# New, new, new to the world of decent Coffee!



## Eaton Bungalow (Mar 9, 2015)

*Afternoon All *











*
Im new to the World of what I call posh coffee lol! My husband recently purchased the Classic Gaggia and this is where my journey started. I playing around with buying small quantities of Beans, and found some good advice about cutting down the variables ie: use 18 grams of coffee, tamper the same each time (which is a challenge in itself lol) and finally allow the machine to pour for 24 seconds. Do that each time as a good way to start, then I can adjust from there. That seemed a good place to start, anymore tips would be greatly appreciated. He also suggested I found a good Coffee Forum, so here I am lol.*



*
Im struggling with beans, so as I said, I'm purchasing in small quantities, from my local fine foods Delicatessen. Tried Columbian - medium roast, Arabica & today Costa Rica.*











*
Any advice??*



*
Thank you*

*
Sharon *


----------



## The Systemic Kid (Nov 23, 2012)

Welcome to the forum, Sharon. Classic is a great machine. Are you using pre-ground coffee or grinding your own? You will get much better results doing the latter. Ground coffee loses its essential flavour within minutes of being ground. If you haven't got a grinder - forum is a good place to look for well looked after used kit.


----------



## Jon (Dec 3, 2010)

And bean wise it might be worth trying some of the trial packs from some of the specialty roasters. There's a bean section on here with lots of chat about what's good and what folk think/like.


----------



## Mr O (Jan 14, 2015)

Good offers on at the moment from bean roasters... Have a look around, welcome and good luck..
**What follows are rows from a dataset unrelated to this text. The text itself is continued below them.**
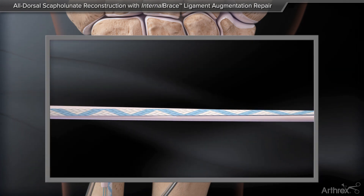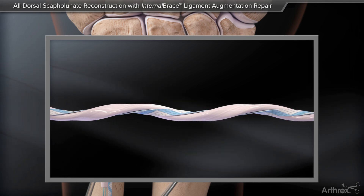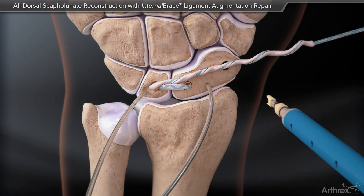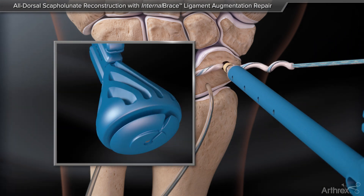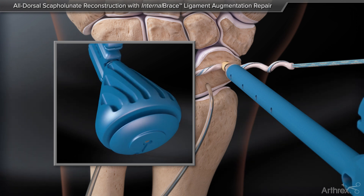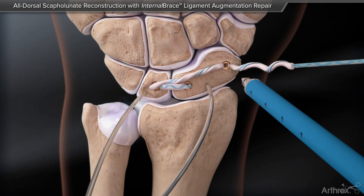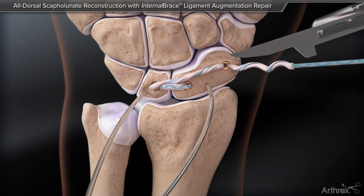The graft and suture tape are twisted together to facilitate insertion into the distal pole. The final swivel lock is inserted into the distal pole of the scaphoid. The remaining graft and suture tape are cut flush.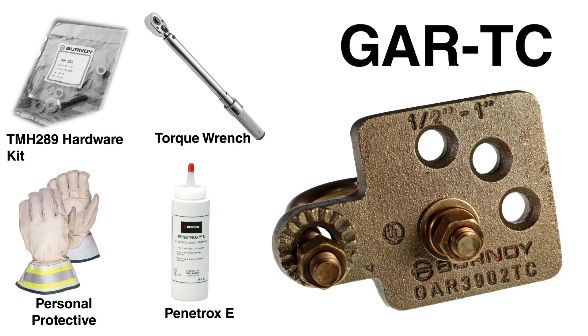Today, we will be installing Burndy's GAR-TC Type Mechanical Ground Clamp, a UL-467 direct burial rated solution for attaching a compression ground terminal to a fence post, water, or gas pipe.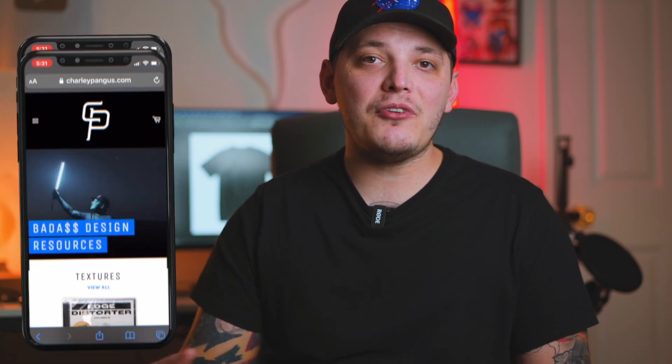What's up guys, Charlie Pangus here. So recently I came out with some products on my website. I made a bunch of different t-shirt mock-ups and I bundled them together. I want to show you guys how to use my mock-ups in Photoshop to get the most out of them. And honestly, they're awesome. So I can't wait to show you. Let's go and get started.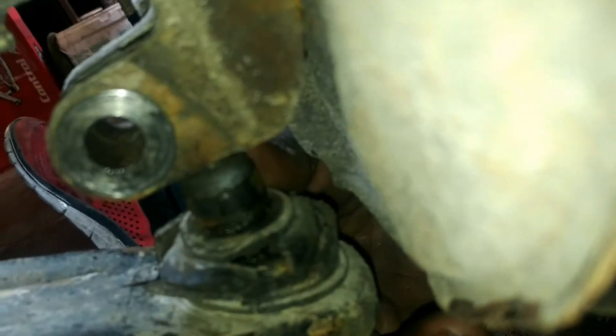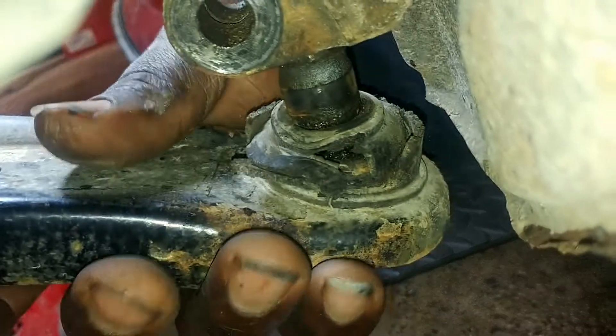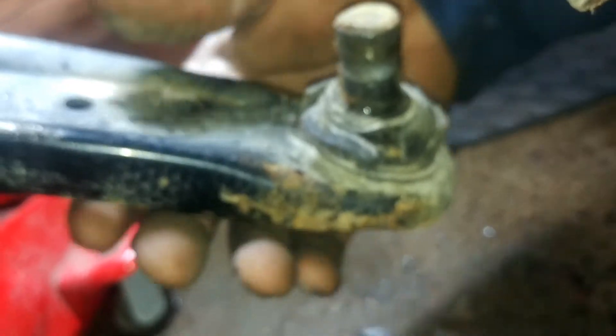So now they're all out. Out comes the ball joint — there you go, see, then pull. There's the control arm.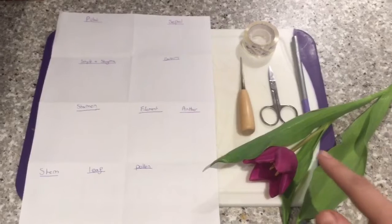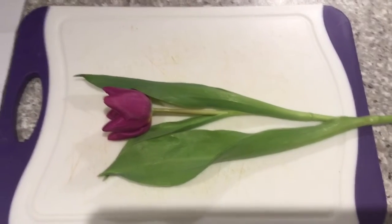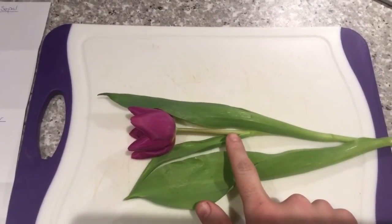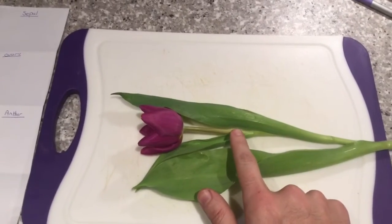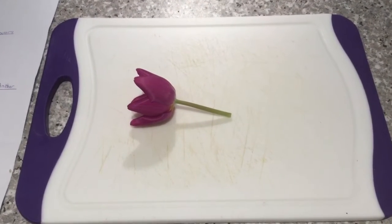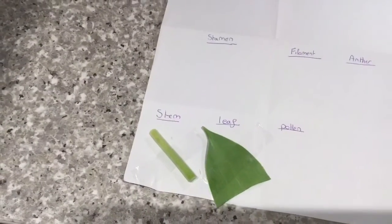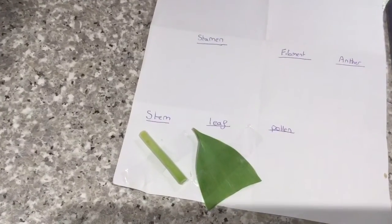We also obviously need ourselves a flower. The first step in a flower dissection is to get our flower into a workable state. We need to take the flower and cut it off so we don't need all of the long stem. So I'm going to cut it off just here. The flower is now removed from the stem — it's a lot easier to get to, we can move it around and have a look at the bits we need to. I've also taken this opportunity to remove the leaf and stem and stick these onto our piece of paper with the sellotape. We're going to do that with each piece of the flower that we take off.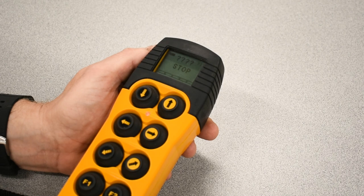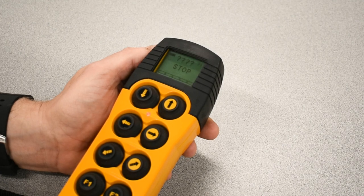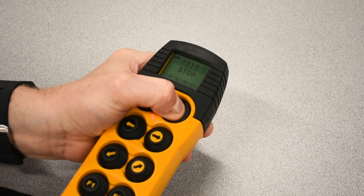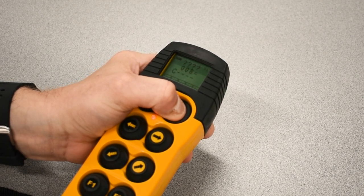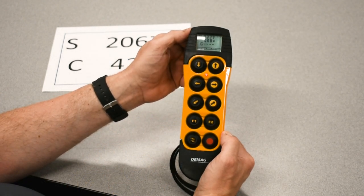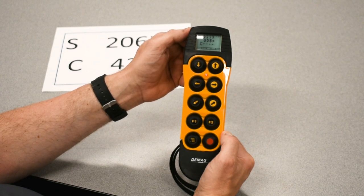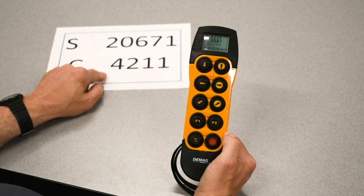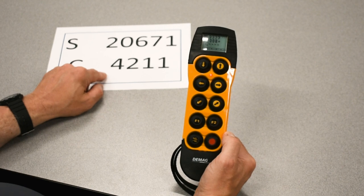To do a release, we must do a button sequence while holding stop. We'll hold stop and do lift, left, lift and hold. After five seconds, we expect the screen to change — lift up on both buttons. It begins with a letter C and four dashes, expecting us to enter the last four digits of the crane serial number. DMAG would name receivers, if programmed at the factory, with the last four digits of the bridge serial number.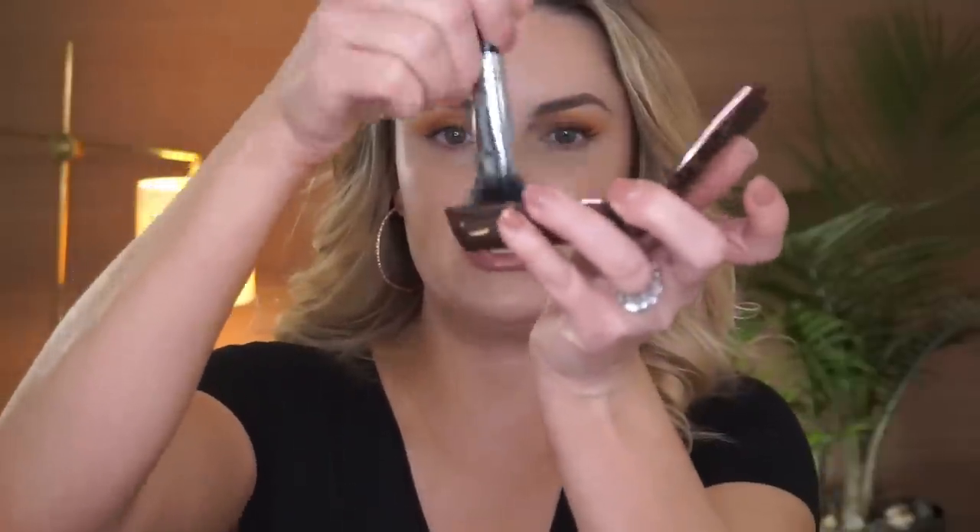I'll tap into the powder — just tap, tap, tap — and then tap it in under the eye. This is what I do when I'm in a rush. This isn't going to set the concealer per se, but it is a powder so it will set it a little. I like it because it adds a glow and my concealer doesn't crease as much. My favorite way, though, is to go in with a damp or dry beauty blender.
tamp the same each time did you say?


----------



## Eaton Bungalow (Mar 9, 2015)

Thank you for the warm welcome!

Yes sorry Tamp the same, not sure how to measure that lol! This is another language!

I have used both methods, my delicatessen sells whole or ground and can use their industrial looking grinder for you. I have only purchased a 100g bag at a time and have kept refrigerated, although only lasted a couple of days at most. I have a Soyabella machine, which I use to make nut milks, favourite being Almond Milk, this machine also has a coffee grinding facility, which uses a metal blade for a certain time cycle, which they recommend using no more that twice per grind or will be too fine, however I do get the odd Bean that escapes the blade and comes out whole!


----------



## Mrboots2u (May 10, 2013)

Hi and welcome to the forum I dont know the machine that you are using but a blade grinder is totally unsuitable for making espresso

It chops coffee up into inconsistent sized pieces leading to a poor tasting coffee

Pre gorund will go stale quickly and again wont be " dialled in " to the amount of coffee you are using , and the amount of water you are putting though it

You need decent fresh beans ( do the ones form you deli , come with a roast date on ) but equally you need a grinder capable of delivering a espresso grind ( not a blade grinder ) entry levels grinders regain from the inertial mc2 , the sage smart grinders, some fo the grief, and the kitchen friendly eureka mignon.

Cheers Martin


----------



## Jon (Dec 3, 2010)

Hi again. Just to add to Mr Boots comments above you'll achieve nowhere near the level of grind consistency required with a blade grinder; espresso demands a high degree of accuracy which it won't deliver: lots of article on here or feel free to pose questions!


----------



## 7493 (May 29, 2014)

Welcome Sharon. I'm guessing you are using the pressurised basket that came with the Classic? If so, that's probably why you're getting away with using the blade grinder and pre-ground coffee. Others will say the same but if you really want to experience decent coffee you are going to need a half decent burr grinder. Then you can get an unpressurised basket and start your journey proper. Please have a look at this thread:

http://coffeeforums.co.uk/showthread.php?2956-Grinder-Prices

Well worth keeping you eye on the "For Sale" thread too. Grinders are generally very reliable and make a sensible used purchase.


----------



## jimgrant (Apr 15, 2010)

This sounds very familier , I bought a classic about 5 years ago and have loved my journey into the world that is coffee. I then bought an anfim grinder second hand for 185 and was best purchase. I find the beans available online are great value and would recommend hasbean.co.uk so much. I also think that trying other brewing methods will help as not all coffee will taste great as espresso,aeropress,v60 kemex are some that will give amazing coffee, just keep going and learning more and I'm sure you will enjoy as much as many do, it's a great time to explore this industry.


----------